Competition between Intramolecular Electron-Transfer and Energy-Transfer Processes in Photoexcited Azulene-C₆₀ Dyad

Photoinduced intramolecular processes in a dyad of azulene and C ₆₀ (Az-C₆₀) were compared with those of a dyad of naphthalene and C₆₀ (Naph-C₆₀) on the basis of laser flash photolysis experiments. Upon photoexcitation of C₆₀ in the presence of azulene, intermolecular electron transfer proceeded from azulene to the triplet state of C₆₀ (C₆₀(T₁), although the rate constant was small (10⁷ M^-1 s^-1), because of the small free-energy change for electron transfer via C ₆₀(T₁).
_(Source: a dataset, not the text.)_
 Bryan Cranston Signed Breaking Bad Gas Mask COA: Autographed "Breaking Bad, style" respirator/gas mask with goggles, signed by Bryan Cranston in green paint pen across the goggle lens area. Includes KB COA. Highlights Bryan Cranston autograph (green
In Az-C₆₀, it was revealed that the S₂ state of the Az moiety (Az(S₂)-C₆₀(S ₀)) donates the excited energy to the C₆₀ moiety, effectively generating Az(S₀)-C₆₀(S₁). In polar solvents, a charge-separated state (Az^.+-C₆₀ ^.-) was generated from Az(S₀)-C₆₀(S ₁), from which the Si state of the Az moiety (Az(S ₁)-C₆₀(S₀)) was also generated by competitive energy transfer. The lifetimes of the charge-separated states were on the order of nanoseconds. Successive energy-transfer processes {Az(S₂)-C ₆₀(S₀) → Az(S₀)-C₆₀(S _n), Az(S₁)-C₆₀(S₀) → Az(S ₁)-C₆₀(S₀), where n ≥ 2} demonstrate that the multiple energy transfer is achieved in a simple dyad molecule. On the other hand, Naph-C₆₀ dyad did not show charge separation upon excitation of the C₆₀ moiety, but deactivated via intersystem crossing, generating almost quantitatively the C₆₀(T₁) moiety. These findings indicate the favorable donor ability of azulene compared to that of naphthalene, even though both azulene and naphthalene have the same 10-π-electron system.